To a first approximation, the depth of field of FF compared to APS-C is essentially the same, Newtophotos.

But:

1. Because the field of view of the two formats is different, you'll move back from the subject or towards the subject to get the framing you want, and that will change the depth of field

2. What's in focus is sharp in both cases, but individual points in the out of focus areas that are fuzzy in the K-30 image will be twice as fuzzy in the FF one.


QuoteOriginally posted by Newtophotos Quote
Also, what do you mean by "shadows should clean up better"?
When the pixels are bigger (not the sensor), the signal to noise ratio is higher in the resulting image, so that in software you can better brighten its dark bits and recover the details and colours.

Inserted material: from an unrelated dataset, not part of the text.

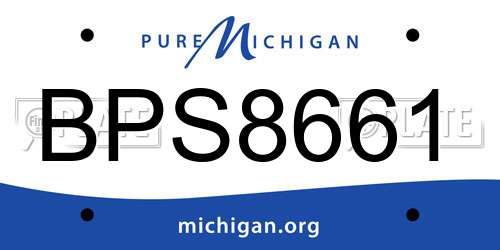 BPS8661 Michigan License Plate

Not so important in good conditions - your phone can take great pictures in great light.


QuoteOriginally posted by Newtophotos Quote
As long as a camera has larger pixels than my 16.3MP K-30 (so < 39.4 pixels on a FF) I assume the higher ISO performance will be better. Will any other specification of the camera body (no AA filter, 14bit Raw, etc.) contribute significantly to better high ISO performance?
The sheer number of pixels will make a difference.

Your software (or the camera's own JPEG engine) will take the RAW file and convert it into a JPEG, and along the way will compress it, averaging out values as it removes pixels to make the file smaller. This gets rid of noise,

Say three out of every four pixels are being deleted. It encounters an area where three are yellow, one is blue. The algorithm might guess it should just leave one yellow in place, and get rid of the rest.

The more pixels for the algorithms to work with, the better the guesses are.

The K-3 does okay compared to the K-30 in low light even with smaller pixels partly because it's got eight million more of them.





Last edited by clackers; 10-22-2015 at 03:57 AM.